UNITED STATES BANKRUPTCY COURT DISTRICT OF MASSACHUSETTS CENTRAL DIVISION
Jun 30, 2016
Case No. 15-41218-CJP (Bankr. D. Mass. Jun. 30, 2016)

Opinion

Case No. 15-41218-CJP Adversary Proceeding No. 15-4045-CJP

06-30-2016

In re: EDWIN D. BERRY, II, Debtor EDWIN D. BERRY, II, Plaintiff v. MASSACHUSETTS DEPARTMENT OF REVENUE, Defendant


Chapter 7 MEMORANDUM OF DECISION

I. Introduction

Before the Court is the Motion for Judgment on the Pleadings (Adv. Doc. No. 7) (the "Motion") filed by the defendant, the Massachusetts Department of Revenue (the "MDOR"), and the Opposition to Motion for Judgment on the Pleadings and for Entry of Judgment (Adv. Doc. No. 14) (the "Opposition") filed by the debtor plaintiff, Edwin D. Berry, II (the "Debtor"). The Debtor filed the above-captioned adversary proceeding seeking the discharge of certain income taxes owed to the MDOR pursuant to 11 U.S.C §§ 507(a)(8)(A)(ii) and 523(a)(1)(A). The MDOR moves for judgment on the pleadings pursuant to Fed. R. Civ. P. 12(c), as made applicable to this proceeding by Fed. R. Bankr. P. 7012(b), asserting that, because the Debtor failed to file an amended return reporting a change in the amount of his federal taxable income, the corresponding state tax liability is non-dischargeable pursuant to 11 U.S.C. § 523(a)(1)(B)(i). The Debtor opposes the Motion and also seeks judgment in his favor on the pleadings. For the reasons set forth below, the Court enters judgment in favor of the MDOR on its Motion and against the Debtor.

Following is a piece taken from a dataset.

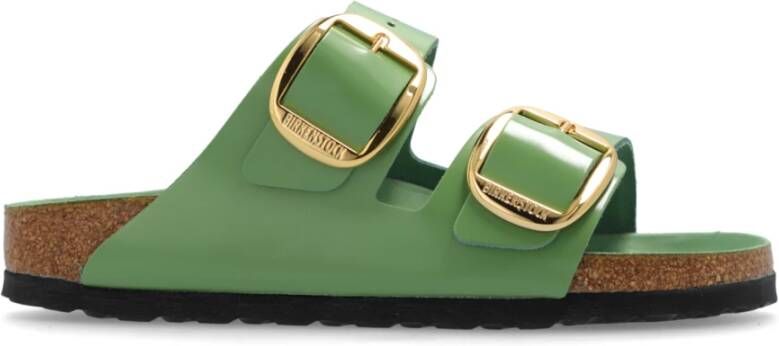 Birkenstock Arizona Big Buckle Slides Green Dames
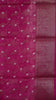 Dola Silk Saree Elephant print-Pink thumbnail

Unless otherwise noted, all section references herein are to Title 11 of the United States Code, 11 U.S.C. §§ 101, et seq., as amended.

II. Jurisdiction

The Court has jurisdiction over this matter pursuant to 28 U.S.C. § 1334(a)-(b) and the order of reference from the United States District Court for the District of Massachusetts set forth in Massachusetts District Court Local Rule 201. This matter is a core proceeding under 28 U.S.C. § 157(b)(2)(I).

III. Background

The material facts necessary to decide this Motion are undisputed. The Debtor filed a Chapter 7 case on June 23, 2015 (the "Petition Date"). On Schedule F, "Creditors Holding Unsecured Nonpriority Claims," accompanying his petition, the Debtor listed outstanding indebtedness to the Commonwealth of Massachusetts for taxes for the tax year ending December 31, 2010, totaling $21,513.00. On July 1, 2015, the Debtor commenced this adversary proceeding against MDOR to determine the dischargeability of income taxes, penalties, and interest he owed for the 2010 tax year.

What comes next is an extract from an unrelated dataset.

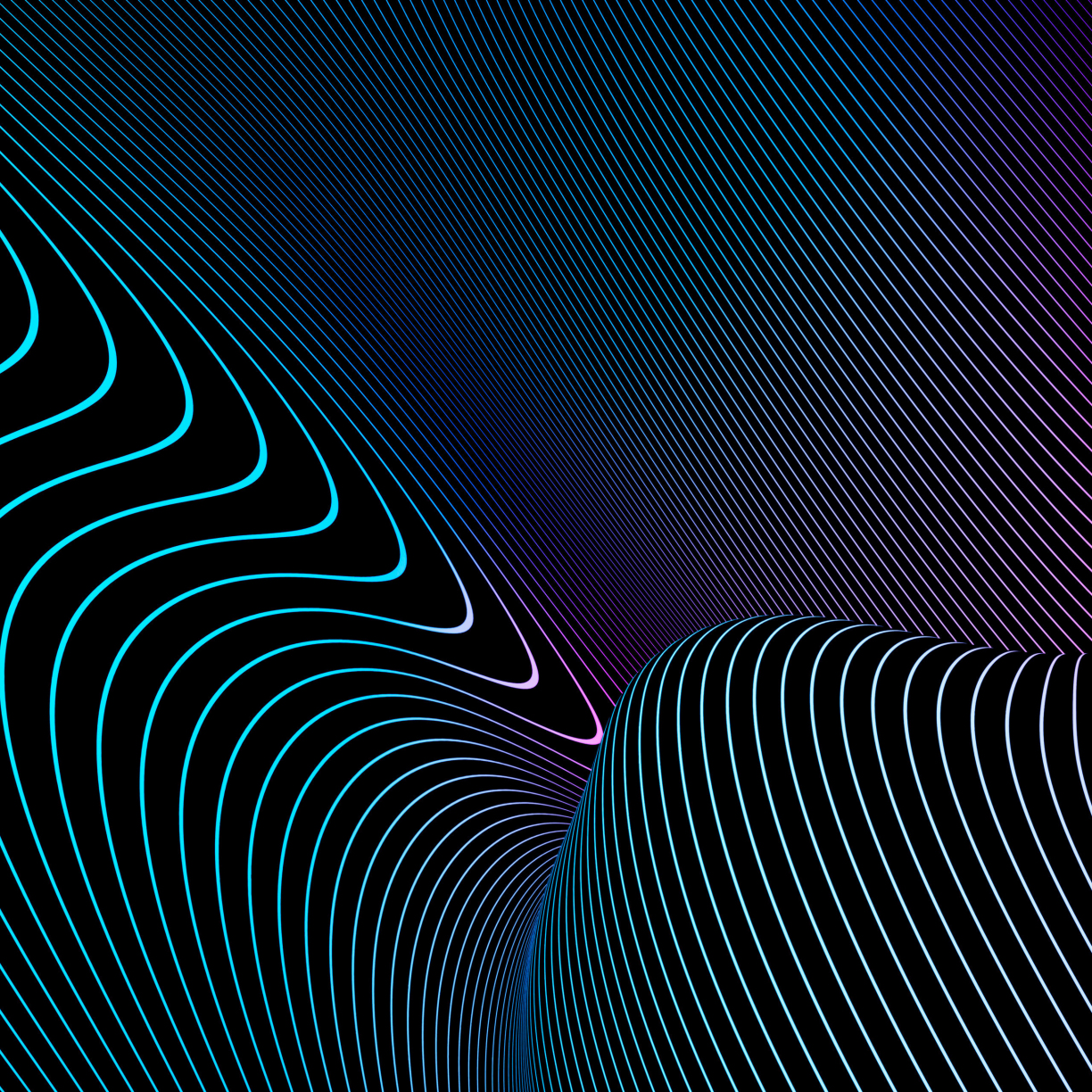 Wallpaper curves, lines, neon dark, wrap desktop wallpaper, hd image ...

The Debtor timely filed his 2010 state tax return. Pursuant to an exchange program with the Internal Revenue Service ("IRS"), the MDOR subsequently received information that the Debtor had failed to report taxable pensions and annuities in the amount of $336,739.00 for the 2010 tax year. The Debtor did not submit a Form CA-6 "Application for Abatement/Amended Return" ("Form CA-6") to the MDOR to report the change in his federal taxable income. On October 15, 2014, the MDOR issued a Notice of Assessment, a copy of which is attached by the Debtor in support of his complaint (Adv. Doc. No. 1) (the "Complaint"), showing that, as of October 13, 2014, the Debtor owed income taxes to the MDOR for calendar year 2010 in the sum of $20,692.71. This assessment included an additional $17,847.17 in personal income tax liability for 2010.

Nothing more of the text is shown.